> **Goal of the exercise**
Copy out each line of the data that holds the word "include".

> **Exercise materials**
+ + +
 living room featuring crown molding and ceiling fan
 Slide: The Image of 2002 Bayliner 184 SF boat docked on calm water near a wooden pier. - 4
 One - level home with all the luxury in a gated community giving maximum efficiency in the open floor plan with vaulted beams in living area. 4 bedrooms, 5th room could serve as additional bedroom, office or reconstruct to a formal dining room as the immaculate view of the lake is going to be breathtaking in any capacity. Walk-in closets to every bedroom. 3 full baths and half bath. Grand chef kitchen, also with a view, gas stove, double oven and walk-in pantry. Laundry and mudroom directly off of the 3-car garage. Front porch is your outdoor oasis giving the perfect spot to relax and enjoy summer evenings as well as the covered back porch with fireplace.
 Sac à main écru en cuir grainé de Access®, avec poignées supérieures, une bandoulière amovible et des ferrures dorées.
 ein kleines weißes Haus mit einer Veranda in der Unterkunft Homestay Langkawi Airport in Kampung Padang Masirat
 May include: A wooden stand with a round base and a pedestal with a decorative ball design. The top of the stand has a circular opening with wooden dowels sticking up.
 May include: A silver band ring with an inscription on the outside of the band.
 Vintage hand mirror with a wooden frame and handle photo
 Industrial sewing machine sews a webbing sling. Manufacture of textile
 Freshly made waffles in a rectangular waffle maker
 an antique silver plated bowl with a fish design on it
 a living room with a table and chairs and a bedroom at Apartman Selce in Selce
+ + +
> **Problem solution**
 May include: A wooden stand with a round base and a pedestal with a decorative ball design. The top of the stand has a circular opening with wooden dowels sticking up.
 May include: A silver band ring with an inscription on the outside of the band.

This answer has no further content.